Department of Psychology, University of Montreal, Canada; Centre de recherche interdisciplinaire en réadaptation du Montréal métropolitain (CRIR), Canada.

Montreal Neurological Institute & Hospital, McGill University, Canada.

出版信息

J Clin Neurosci. 2017 Apr;38:122-125. doi: 10.1016/j.jocn.2016.12.032. Epub 2017 Jan 16.

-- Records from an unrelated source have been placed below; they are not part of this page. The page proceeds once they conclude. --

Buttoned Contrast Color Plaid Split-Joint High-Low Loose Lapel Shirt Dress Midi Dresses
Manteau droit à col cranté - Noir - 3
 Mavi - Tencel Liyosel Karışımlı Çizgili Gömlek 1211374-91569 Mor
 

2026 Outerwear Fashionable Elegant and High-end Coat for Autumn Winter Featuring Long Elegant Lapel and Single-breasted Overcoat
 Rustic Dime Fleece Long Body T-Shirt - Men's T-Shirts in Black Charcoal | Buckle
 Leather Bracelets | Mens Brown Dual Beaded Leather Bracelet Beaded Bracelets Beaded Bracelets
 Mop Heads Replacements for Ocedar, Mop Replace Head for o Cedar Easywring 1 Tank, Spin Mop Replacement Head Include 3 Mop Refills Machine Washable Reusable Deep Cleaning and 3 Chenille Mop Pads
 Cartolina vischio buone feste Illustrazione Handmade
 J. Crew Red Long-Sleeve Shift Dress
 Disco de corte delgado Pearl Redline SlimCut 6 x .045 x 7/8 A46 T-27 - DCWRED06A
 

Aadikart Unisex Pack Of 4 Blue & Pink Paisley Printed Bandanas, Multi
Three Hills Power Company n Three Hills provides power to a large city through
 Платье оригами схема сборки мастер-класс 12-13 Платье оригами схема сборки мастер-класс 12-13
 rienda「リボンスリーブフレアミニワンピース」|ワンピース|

DOI:10.1016/j.jocn.2016.12.032
PMID:28110930
Abstract

BACKGROUND

The purpose of this study is to investigate the effect of risk factors including International Normalized Ratio (INR) as well as the Partial Thromboplastin Time (PTT) scores on several outcomes, including hospital length of stay (LOS) and The Extended Glasgow Outcome Scale (GOSE) following TBI in the elderly population.

METHODS

Data were retrospectively collected on patients (n=982) aged 65 and above who were admitted post TBI to the McGill University Health Centre-Montreal General Hospital from 2000 to 2011. Age, Injury Severity Score (ISS), Glasgow Coma Scale score (GCS), type of trauma (isolated TBI vs polytrauma including TBI), initial CT scan results according to the Marshall Classification and the INR and PTT scores and prescriptions of antiplatelet or anticoagulant agents (AP/AC) were collected.

RESULTS

Results also indicated that age, ISS and GSC score have an effect on the GOSE score. We also found that taking AC/AP has an effect on GOSE outcome, but that this effects depends on PTT, with lower odds of a worse outcome for those taking AC/AP agents as the PTT value goes up. However, this effect only becomes significant as the PTT value reaches 60 and above.

CONCLUSION

Age and injury severity rather than antithrombotic agent intake are associated with adverse acute outcome such as GOSE in hospitalized elderly TBI patients.

摘要

背景

本研究的目的是调查包括国际标准化比值(INR)以及部分凝血活酶时间(PTT)评分在内的风险因素对老年人群创伤性脑损伤(TBI)后多种结局的影响,这些结局包括住院时间(LOS)和扩展格拉斯哥预后量表(GOSE)。

方法

回顾性收集了2000年至2011年期间因TBI入住麦吉尔大学健康中心 - 蒙特利尔总医院的982例65岁及以上患者的数据。收集了年龄、损伤严重程度评分(ISS)、格拉斯哥昏迷量表评分(GCS)、创伤类型(单纯TBI与包括TBI的多发伤)、根据马歇尔分类法得出的初始CT扫描结果以及INR和PTT评分以及抗血小板或抗凝剂(AP/AC)的处方。

结果

结果还表明年龄、ISS和GSC评分对GOSE评分有影响。我们还发现服用AC/AP对GOSE结局有影响,但这种影响取决于PTT,随着PTT值升高,服用AC/AP药物的患者出现更差结局的几率降低。然而,只有当PTT值达到60及以上时,这种影响才变得显著。

结论

在住院老年TBI患者中,年龄和损伤严重程度而非抗血栓药物的使用与不良急性结局如GOSE相关。